I recently acquired an Athearn F7A HiF at a garage sale, (it is part of a set and I only paid $5 for it) the locomotive is in fairly good shape, but needs a few parts. Namely the wheels and drive bands. I looked on Athearn's site, but can't find them. Does Athearn still sell these parts, or are there any after market alternatives available? I'd call and ask, but at the time of this posting they're closed.
Thank you in advance.
pm me .
The Athearn rubber band drive is called Hi-F, not HiFi.
I went over to e-bay and entered "Athearn Hi-F" and turned up a few locos for sale. Seems $30 is typical. Back in the day, they were $5 and $6. Which would be $41.95 and $50.34 today.
FWIW.
Ed
How does the motor run? These are old locomotives and after replacing some parts you may find that you still don't have a working engine.
I've converted a couple of these old rubber band models to sound dummies to run in consists. Seemed like the best thing to do with them.
It takes an iron man to play with a toy iron horse.
7j43k The Athearn rubber band drive is called Hi-F, not HiFi.
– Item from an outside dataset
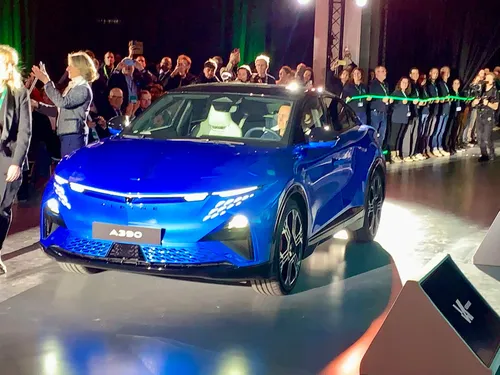 Verkor à peine inauguré, l'usine fonctionne déjà quasiment à plein...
I went over to e-bay and entered "Athearn Hi-F" and turned up a few locos for sale. Seems $30 is typical. Back in the day, they were $5 and $6. Which would be $41.95 and $50.34 today. FWIW. Ed
the first one i got in 58 was in a yellow box (still have it and box) were simply labled powered .
I haven't tested the motor yet, but it looks like its in good condition, including the wiring. I forgot to mention in my first post that I do have the original wheels, but they're corroded and I'm not sure if and how they can be cleaned. That's why I was wondering if there are any replacements available.
Wolf359I do have the original wheels, but they're corroded and I'm not sure if and how they can be cleaned. That's why I was wondering if there are any replacements available.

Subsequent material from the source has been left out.